Captioned web images
======
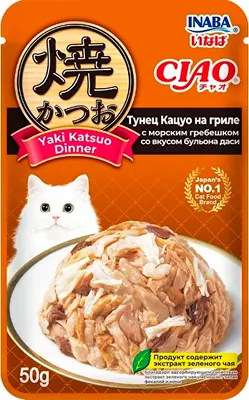 

Влажный корм для кошек, Тунец Кацуо на гриле с морским гребешком, бульон даси
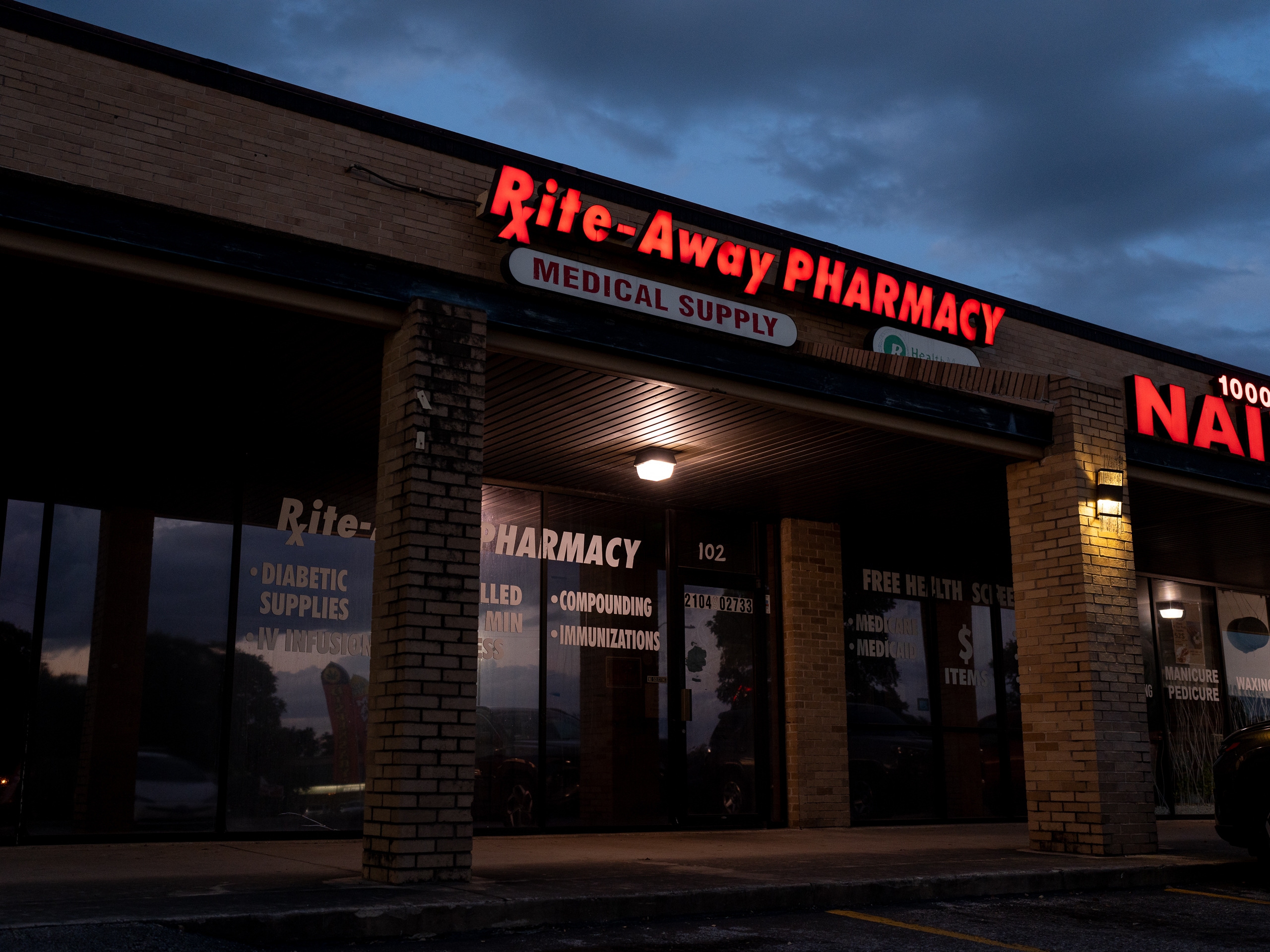 caption: Rite-Away Pharmacy and Medical Supply in San Antonio, Texas. 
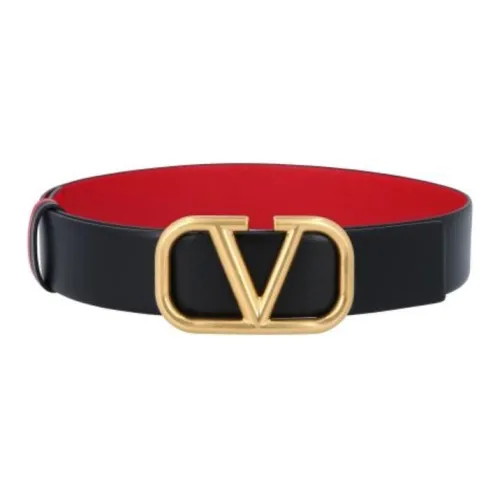 Valentino Логотип Идентификация Кожаные ремни Женские Черный Ширина 4CM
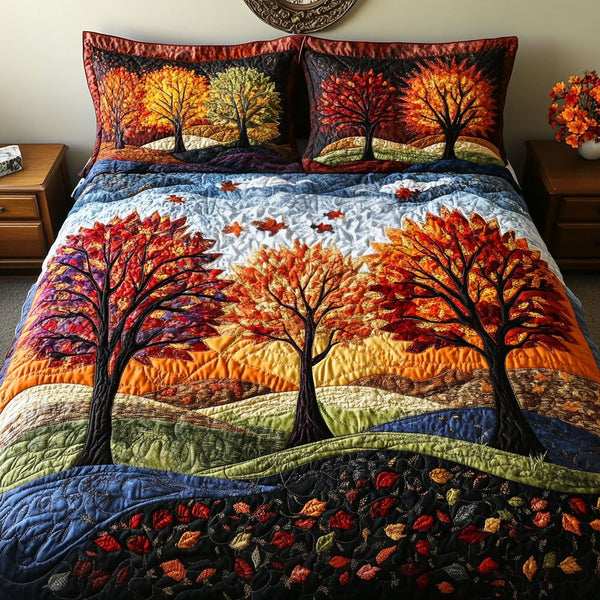 Fall Leaves Landscape quilted 3-piece bedding set on a made bed with two matching pillow shams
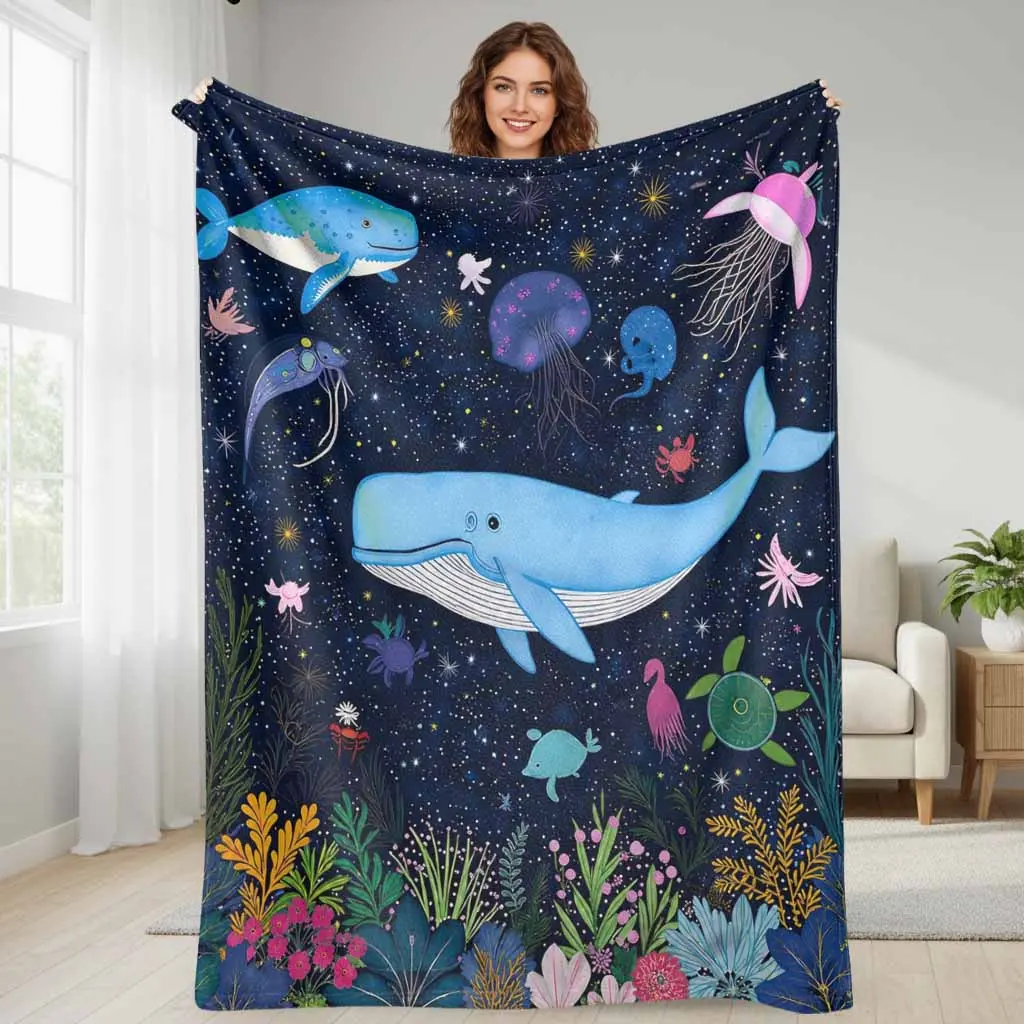 Ocean Dream Flannel Marine Life Print Blanket - Cozy, Soft, Warm, Lightweight, Plush Decorative Throw for Bedroom, Sofa, Gift Use
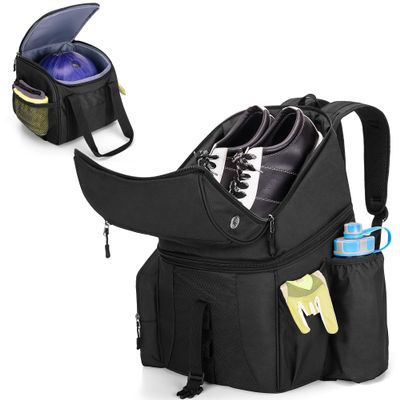 DSLEAF Bowling Backpack and Separate Ball Bag Combo, Bowling Ball Bag with Wooden Ball Holder and Shoe Compartment for US Mens 16 and Multi-Pockets for Accessories (Patent Design)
======
WORK TO COMPLETE:
Using the entries above, extract exactly the lines from the one that contains "caption: Rite-Away Pharmacy" through the one that contains "Ocean Dream Flannel". Do not carry over any pictures.

SOLUTION TO THIS PROBLEM:
 caption: Rite-Away Pharmacy and Medical Supply in San Antonio, Texas. 
 Valentino Логотип Идентификация Кожаные ремни Женские Черный Ширина 4CM
 Fall Leaves Landscape quilted 3-piece bedding set on a made bed with two matching pillow shams
 Ocean Dream Flannel Marine Life Print Blanket - Cozy, Soft, Warm, Lightweight, Plush Decorative Throw for Bedroom, Sofa, Gift Use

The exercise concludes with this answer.